If the current standoff represents a classic case of “positional bargaining” – one side wins, the other side loses – experts say there’s an alternative approach, called interest-based negotiation.
“The basic idea here is, let’s not focus on positions, or what each side says they want: ‘I want a wall;’ ‘Well, we’re not going to give it to you,’ ” says Daniel Shapiro, director of the Harvard International Negotiation Program.
In this negotiation technique, the starting point is to look at the underlying interests.
“Why do you want a wall? Why do you not want a wall?” says Professor Shapiro, author of the book “Negotiating the Nonnegotiable.” “Is it the expenditure of funds, or is it differences in belief around security needs at the border? Is it precedents that you’re nervous about setting?”
Once the underlying interests are understood, then the negotiators can start to craft an agreement that works for everybody.
Shapiro pushes back on the idea that in the business world, Trump-style “positional bargaining” works better. Research shows that in most circumstances, interest-based negotiators do better, whether it’s in business, government, or the family, he says.
“President Trump is accustomed to positional bargaining, and I’d imagine at points it probably has done him well in business,” Shapiro says. “But in the Washington context, he estranges more and more people – and estranges those with whom he actually needs to work.”
Shapiro doesn’t let Pelosi and Schumer off the hook, either. In the Dec. 11 Oval Office meeting, everyone was posturing, he says, not engaging in productive dialogue.
The solution, he and others suggest, is to let subordinates work behind the scenes on a deal, away from the spotlight. The Trump proposal announced Saturday was crafted last Thursday by Vice President Mike Pence, senior adviser/son-in-law Jared Kushner, and Senate majority leader McConnell, and hailed by Republicans as an effort to break the stalemate. But there were no Democrats at the table.
Trump Senate ally Lindsey Graham (R) of South Carolina proposed reopening the government for a stretch, allowing workers to be paid and negotiators to work out a deal. Trump responded, No, let’s make a deal, then open up the government. Democrats insist on opening the government first, then negotiating a solution on immigration.
Senator Graham has supported the notion of Trump declaring a national emergency and repurposing federal money for the wall – a gambit that would certainly land in court. But at least Trump could tell his supporters he did everything he could. Trump has swung from saying he would almost definitely declare an emergency, to backing off the idea.
“In negotiation lingo, Trump calling a national emergency is his BATNA – his Best Alternative to a Negotiated Agreement,” says Shapiro. “But you know it’s clearly not attractive enough for him to, as yet, walk away from the negotiation table.”

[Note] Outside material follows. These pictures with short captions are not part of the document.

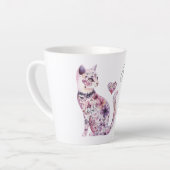 Pink Purple Blush Flowers Heart Love Cat Milchtasse (Linke Ecke)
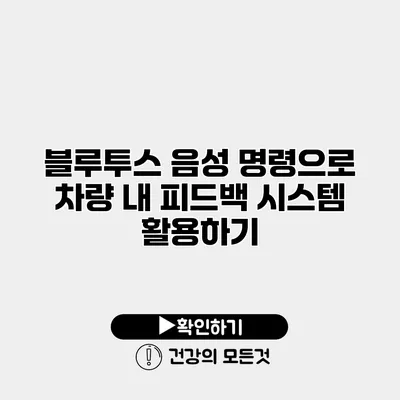 블루투스 음성 명령으로 차량 내 피드백 시스템 활용하기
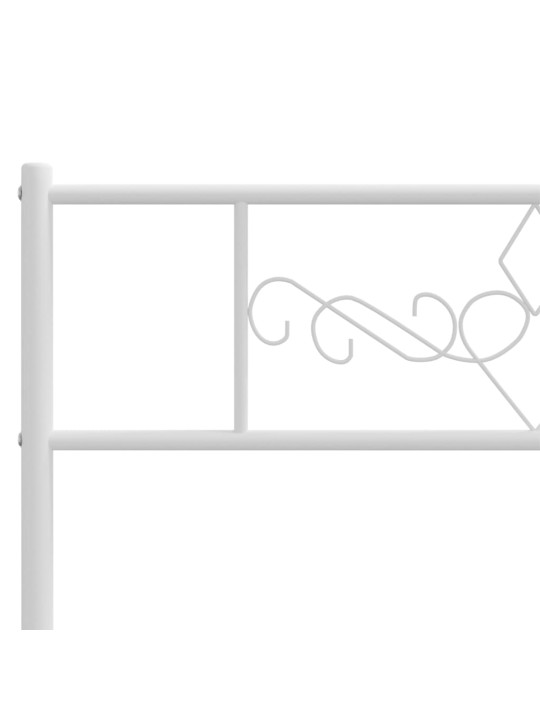 Gultas rāmis ar galvgali un kājgali, balts metāls, 90x200 cm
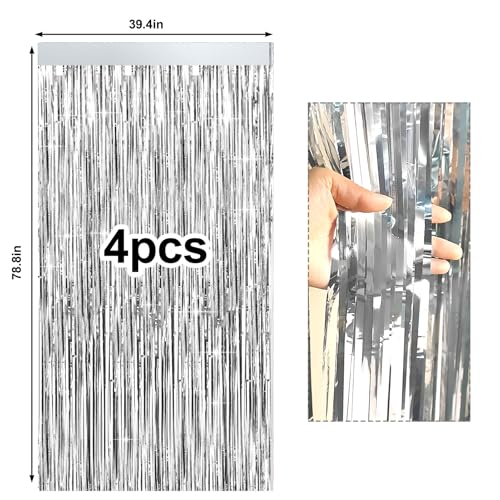 Image of 4 Packs Silver Foil Fringe Curtain, Silver Metallic Tinsel Backdrop for Birthday, Wedding, Baby Shower, Engagement, Bachelorette Party, Christmas Holiday Celebration Party Decorations Supplies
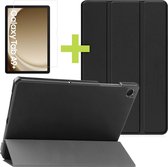 iMoshion Trifold Tablet Hoes & Screenprotector Gehard Glas Geschikt Samsung Galaxy Tab A9 Plus tablethoes - Zwart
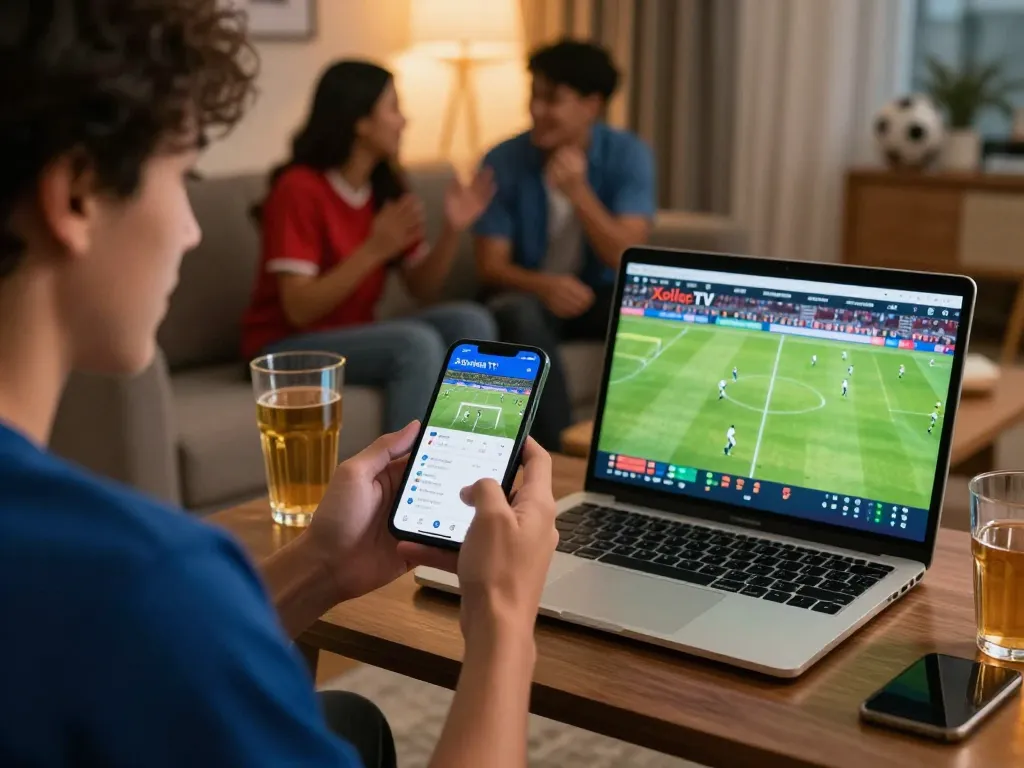 Cheerful fan watching Xoilac live football stream, engaging in sports betting during a home gathering.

Semantics can also play a role in conflict resolution, and allow both sides to save face. In any final resolution that involves money for the border, Trump can say he got his “wall,” Democrats can say they got “border security,” and each can declare victory to their respective political bases.
Blair, the Trump biographer, sees the border wall as more than just the fulfilling of a core campaign promise. It goes to the essence of what Trump is about.
“He has spent decades building up his brand – on buildings, on television,” she says. “His gut instinct, I suspect, is that the wall is part of the brand of being president.”